Growing up in the midst of her brothers, Omowunmi had great support from her parents, especially her father who trained her through school and supported her interests in sciences.

In 1985, she received her bachelor’s degree in chemistry from the University of Lagos and her master’s degree in chemistry in 1987. In 1994, she received her Ph.D. degree in chemistry from Wollongong.

Omowunmi is currently a professor at Binghamton University in the US, where she is working on the development of technologies for recycling metal ions from waste, for environmental and industrial purpose.

Sadik studies surface chemistry with emphasis on the development of biosensors for use in environmental chemistry. She found that conducting polymers are especially promising for use in sensing applications.

She developed microelectrode biosensors sensitive to tracing amounts of organic materials,  which can be used for drug and bomb detection, as well as the study of detoxification mechanisms of wastes such as organochlorine compounds in the environment.

Last year, she became the fourth woman and the first female scientist to be so honoured with the Nigerian National Order of Merit Award. The award recognised her accomplishments in science, innovation/research, her international professional leadership and her passion for developing sustainable solutions to Nigeria’s educational and research needs.

The award also applauded the quality of her groundbreaking works in biosensors, nanotechnology and environmental science.

From 1994 to 1996, a postdoctoral fellowship from the National Research Council supported her as a researcher at the U.S. Environmental Protection Agency. She also became director of the Center for Advanced Sensors & Environmental Systems at Binghamton.

In 2003, she became the first Nigerian American to receive the distinguished Harvard University Radcliffe Fellowship. In 2010, she became a fellow of the Royal Society of Chemistry in the United Kingdom.

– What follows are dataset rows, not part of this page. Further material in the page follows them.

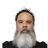 Profile of Wilfredo Menendez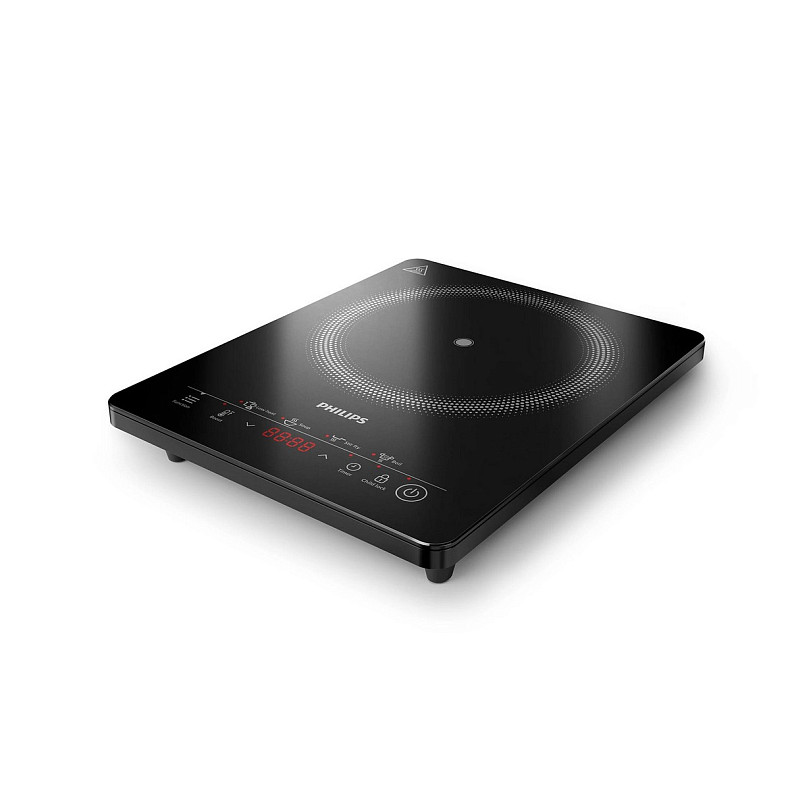 Блендер Philips HD5830/90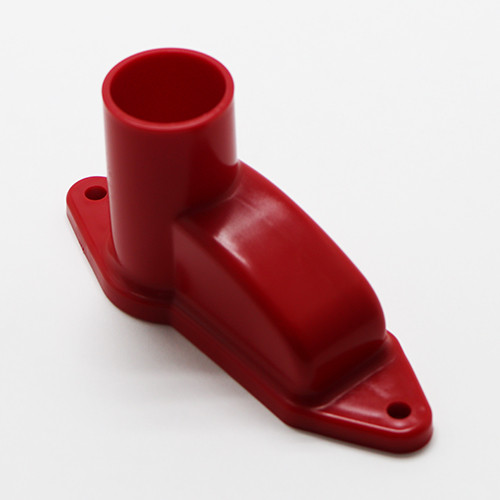 E28908 - BETCO E28908 Squeegee drip trap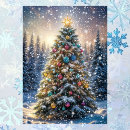 Recherche de poème noël cartes Neige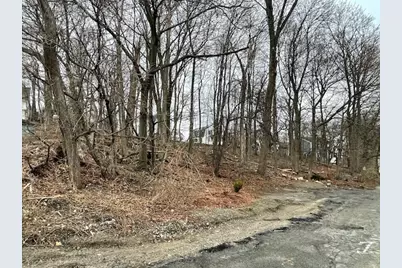 0 Mount Pleasant St, Woburn, MA 01801 - Photo 4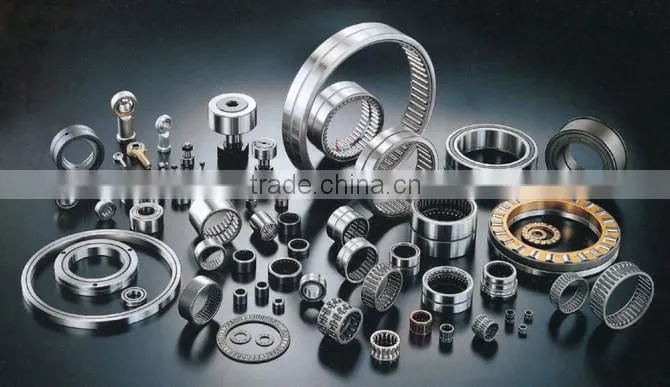 china bearing Hight precision spherical roller bearing 24013 cc/w33 with automobile parts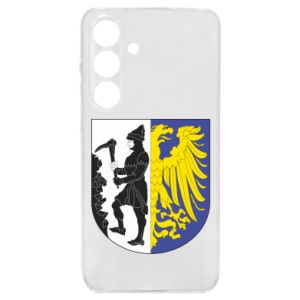 Samsung S24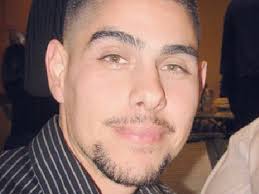 Fundraiser for Raymond Diaz by Rosa Gutierrez : Rudy Diaz Memorial Fund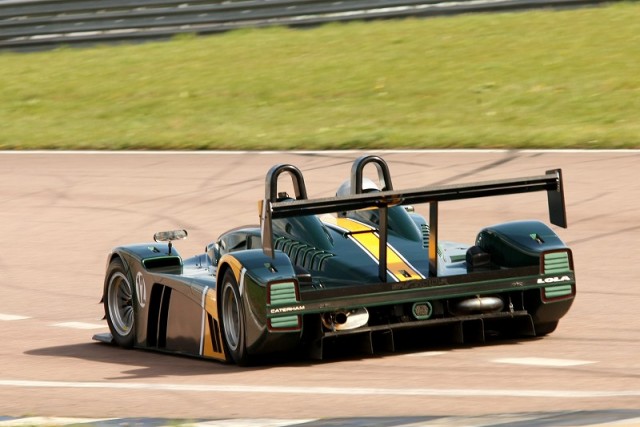 Name:  caterham__sp300.r__2012__027.jpg
Views: 655
Size:  63.1 KB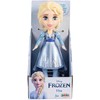 Disney Sušaldyta - 3"Mini lėlė (240394)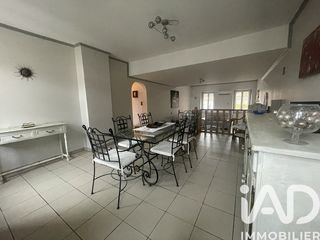  Appartement � vendre 7 pi�ces 149 m�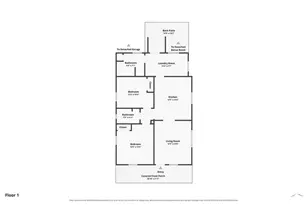 1520 Cedar St, Pueblo, CO 81004 - Photo 43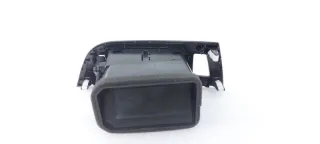 8030A310HA, 8030A086 8030A035 Дефлектор Mitsubishi Pajero 4 restailing 2 Арт SZ66486, вид 17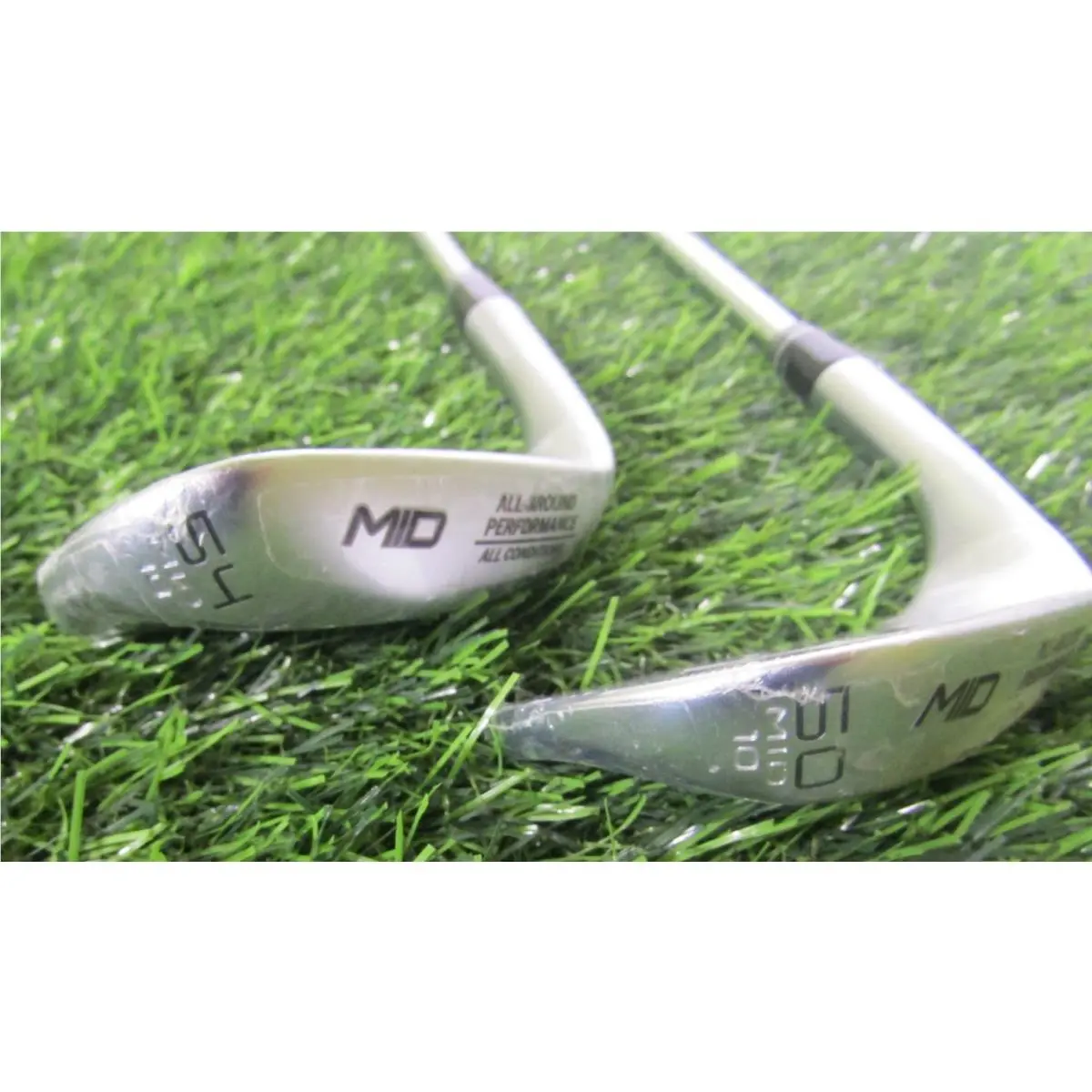 Cleveland Golf  - RTZ - RTZ 1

She is a Fellow of many prestigous international scientific organisations and the President and Co-founder of the Sustainable Nanotechnology Organisation, a non-profit international professional society dedicated to advancing sustainable nanotechnology around the world.

As the President and co-founder of SNO, she devoted the last five years educating the public and stakeholders on what sustainable nanotechnology is and how sustainably engineered nanotechnologies can greatly improve society.